In the words of shipping and transportation analyst Kevin Sterling, the former managing director of Virginia’s BB&T Capital Markets, “it’s a big-time mess.”
The mess at last count includes an estimated US$14 billion in cargo on more than 80 ships adrift in financial uncertainty as terminals refuse to load or unload Hanjin vessels without assurance of payment for services, or those ships remain at sea fearing seizure by creditors.
Two of the company’s ships were arrested recently in B.C. waters after unloading: the Hanjin Scarlet in Prince Rupert and the Hanjin Vienna in Vancouver.
IBISWorld research analyst Ashley Cruz has estimated that Samsung (KRX:005930) alone has US$38 million worth of goods aboard Hanjin (KRX:117930) freighters.
While Hanjin Shipping’s Hanjin Group corporate parent has promised to allocate US$90 million to ensure cargo aboard Hanjin ships can be unloaded, Cruz noted that amount would likely be insufficient.
Korean Air Lines, Hanjin’s largest shareholder, has also agreed to lend the company US$54 million.
Among B.C. businesses with significant skin in the Hanjin game are the world’s largest container ship leasing company – Hanjin is among Seaspan Corp.’s (NYSE:SSW) clients – and one of North America’s fastest-growing container ports.
On September 19, a South Korean bankruptcy court ordered Hanjin to return the 83 ships it charters to the vessels’ owners.
But that move, seen as part of the wholesale liquidation of the company, raises the question of where Seaspan and other major container fleet lessors will find new charter contracts for their ships in an oversupplied sector.
Sterling pointed out that there might be some takers for the leased Hanjin vessels, “but there is no way they are going to get the rates that Hanjin was paying. So maybe they can get some type of lease rate, but it will be at market bottom.”
Seaspan has three container vessels chartered to Hanjin. Estimated future revenue under the three charter contracts as of August was US$364 million. As of May, Seaspan had approximately US$18.6 million in past due accounts receivable from Hanjin.
Seaspan, which is registered in the Marshall Islands but has major offices in Hong Kong, Shanghai, Mumbai and Vancouver, went public in 2005 with a fleet of 10 container ships. It now has more than 100.
Co-chairman of Seaspan Corp.’s board is Kyle Washington, the eldest son of Dennis Washington, founder of the Washington family business empire, which has ownership interests in Seaspan Corp. and North Vancouver-based shipbuilder Seaspan Marine Corp.
Like others in the sector, Seaspan Corp. has been feeling the effects of the slowdown in the global shipping industry.

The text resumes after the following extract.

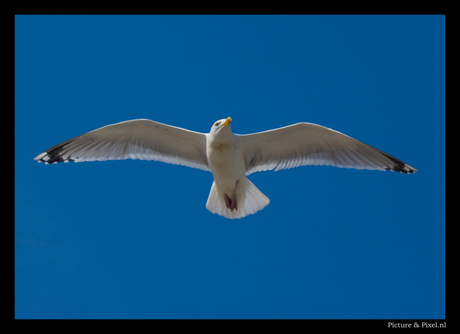 Meeuw in Scheveningen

As reported in “Opportunities on Seaspan radar in global marketplace volatility” (BIV issue 1386; May 24-30), Seaspan Corp.’s first-quarter 2016 financials showed company revenue up 14.3% to US$215.5 million compared with the same quarter in 2015, but net earnings were down 67% to US$7.1 million. Earnings for the six months ended June 30 were down 57% from the same period in 2015.
As of December 31, it was also carrying corporate debt of around US$3.5 billion.
In an interview with BIV, Washington called the rapidly evolving Hanjin saga “an unfortunate situation … a mega deal for sure; it shocked the world.” But he said repercussions for Seaspan from Hanjin’s collapse will be minimal because it represented less than 5% of Seaspan’s charter fleet. Seaspan, according to Washington, remains in a “great position.”
He added that while shipping in general is in a challenging market and container shipping companies in particular “are getting beat up pretty good,” Seaspan will have little trouble finding new customers for the vessels leased to Hanjin.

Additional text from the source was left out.